В ту пору называла она меня в шутку - за высокий рост и густые короткие волосы - "Помесь льва и пальмы"; про одну мою тогдашнюю фотографию, где у меня рот открыт, говорила: "открывает щука рот, а не слышно, что поет". Позже одну мою московскую фотографию, где я сижу какая-то важная, толстая, рядом со встрепанным Ваней, она называла так: "Миклуха-Маклай со своим папуасом".
* * *
Я всегда была - и, к сожалению, осталась - нетерпеливой, нетерпимой, раздражительной. Туся была первым человеком, из встреченных мною в жизни, без раздражения относящимся к трудным, неприятным сторонам человеческих характеров.
- Ну, как вы можете выносить NN? - сказала я однажды об одном нашем общем приятеле, студенте. - Он, конечно, человек хороший - но до чего противно заикается, мямлит, тянет, а одеваясь, так медленно заматывает шарф, что я лопаюсь от злости.
- А я не лопаюсь, - ответила Туся. - Если человек в основном хороший, то мне легко сносить его недостатки. Пусть заматывает, заикается или еще что-нибудь. Меня это не раздражает.
Однажды (уже на Сущевской) Туся пожаловалась мне: Самуил Яковлевич сердится, что она много времени тратит на Городецкую.
- Ну что вам за охота без конца возиться с этой старой, скучной дамой! крикнул он Тусе в сердцах.

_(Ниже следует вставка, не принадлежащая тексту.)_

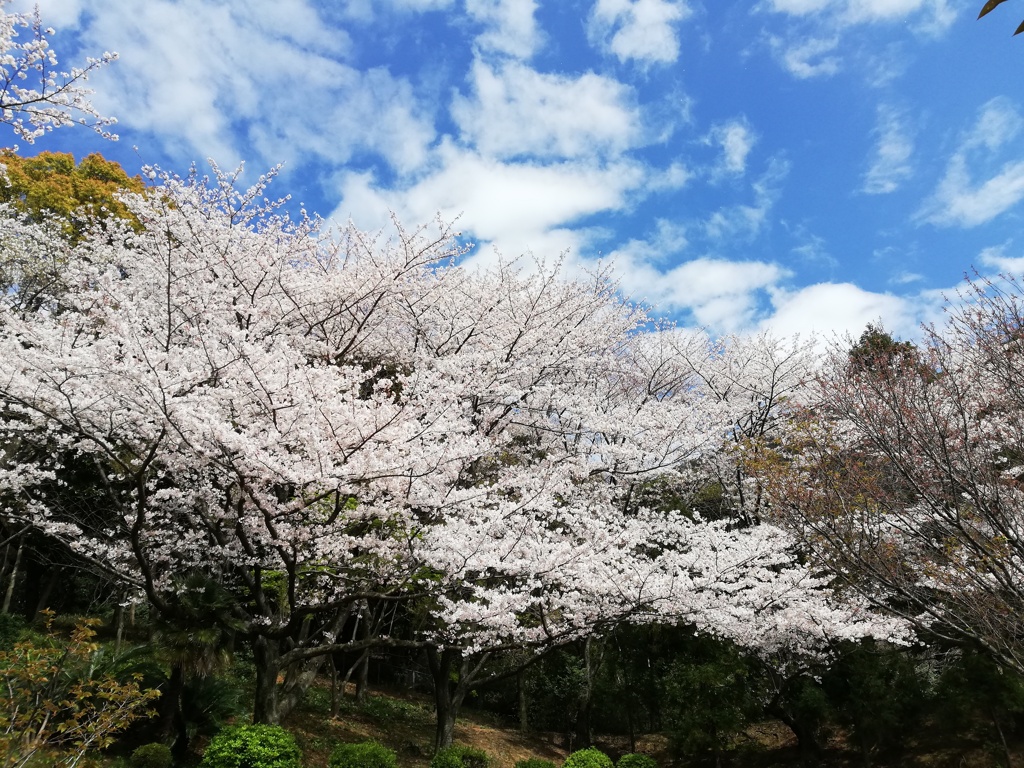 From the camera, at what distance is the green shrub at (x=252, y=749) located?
807 centimetres

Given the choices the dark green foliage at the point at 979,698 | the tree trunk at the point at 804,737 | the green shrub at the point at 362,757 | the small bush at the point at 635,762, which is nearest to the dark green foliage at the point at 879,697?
the dark green foliage at the point at 979,698

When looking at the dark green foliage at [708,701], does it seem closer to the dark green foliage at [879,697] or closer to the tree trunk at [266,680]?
the dark green foliage at [879,697]

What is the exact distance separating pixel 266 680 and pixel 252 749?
1060 mm

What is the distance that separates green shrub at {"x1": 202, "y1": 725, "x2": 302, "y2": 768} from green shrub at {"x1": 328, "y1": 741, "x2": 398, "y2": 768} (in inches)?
53.9

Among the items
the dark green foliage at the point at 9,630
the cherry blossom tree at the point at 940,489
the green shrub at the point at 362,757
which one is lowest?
the green shrub at the point at 362,757

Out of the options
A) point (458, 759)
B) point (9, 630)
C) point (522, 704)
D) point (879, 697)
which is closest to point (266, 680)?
point (458, 759)

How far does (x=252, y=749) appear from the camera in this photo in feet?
26.7

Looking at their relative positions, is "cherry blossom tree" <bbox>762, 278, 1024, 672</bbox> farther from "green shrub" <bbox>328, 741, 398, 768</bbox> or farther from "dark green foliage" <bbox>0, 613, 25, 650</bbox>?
"dark green foliage" <bbox>0, 613, 25, 650</bbox>

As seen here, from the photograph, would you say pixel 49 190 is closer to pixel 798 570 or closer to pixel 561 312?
pixel 561 312

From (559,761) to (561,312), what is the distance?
36.1ft

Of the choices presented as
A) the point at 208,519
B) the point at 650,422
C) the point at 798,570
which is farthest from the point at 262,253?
the point at 798,570

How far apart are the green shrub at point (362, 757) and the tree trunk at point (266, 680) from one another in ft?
4.42

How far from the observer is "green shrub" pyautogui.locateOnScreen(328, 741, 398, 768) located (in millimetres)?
9641

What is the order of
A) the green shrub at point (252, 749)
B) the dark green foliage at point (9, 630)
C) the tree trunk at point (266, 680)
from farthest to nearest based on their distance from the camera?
the dark green foliage at point (9, 630) → the tree trunk at point (266, 680) → the green shrub at point (252, 749)
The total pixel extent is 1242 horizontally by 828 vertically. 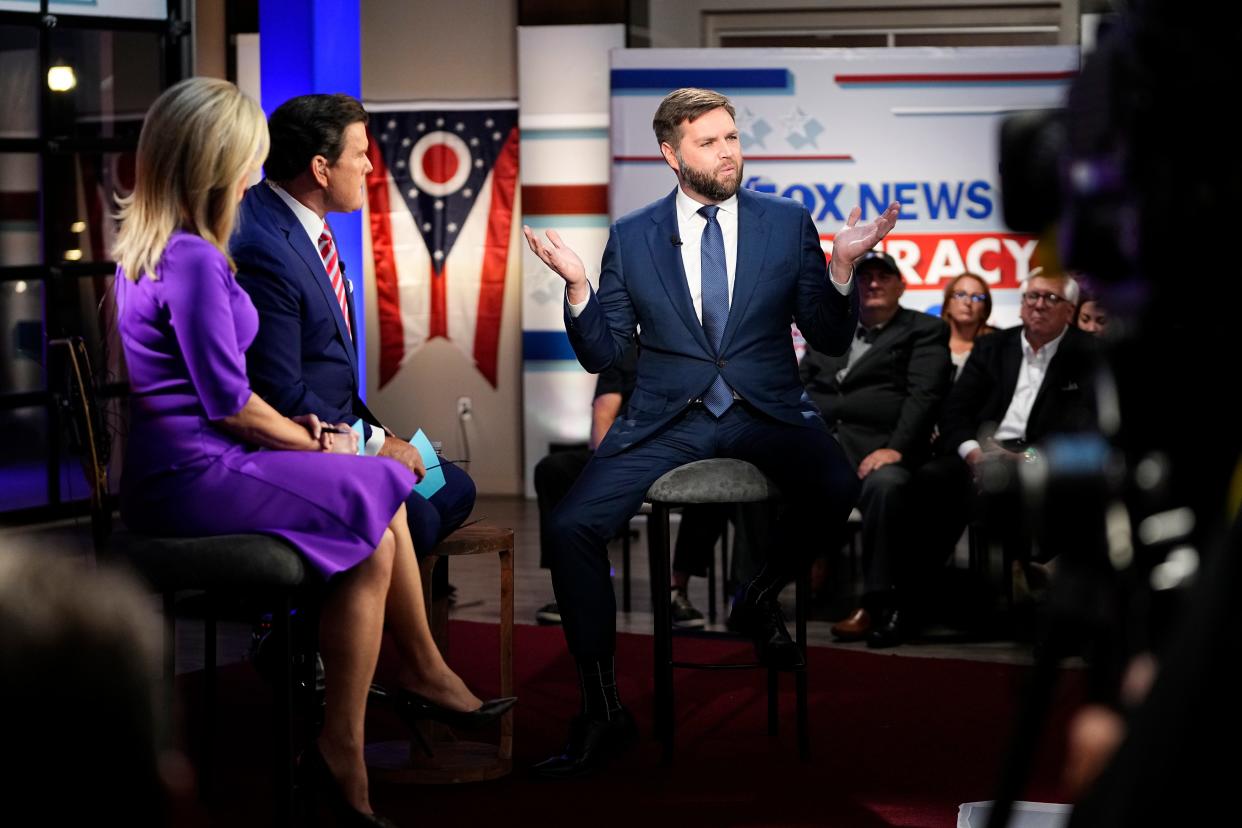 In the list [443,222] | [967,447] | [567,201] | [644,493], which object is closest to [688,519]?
[967,447]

- А я, - сказала мне сердито Туся, - ответила Самуилу Яковлевичу: я сама старая скучная дама. И, наверное, потому мне не скучно возиться с ней.
- Ох, - сказала я, - Городецкая в самом деле, Тусенька, несносная зануда, и я понимаю С.Я., что она его раздражает... Вы больны, утомлены, заняты - она своими просьбами выматывает ваши последние силы. Один телефон чего стоит! Вы сами жалуетесь, что от телефонных разговоров у вас сердце болит.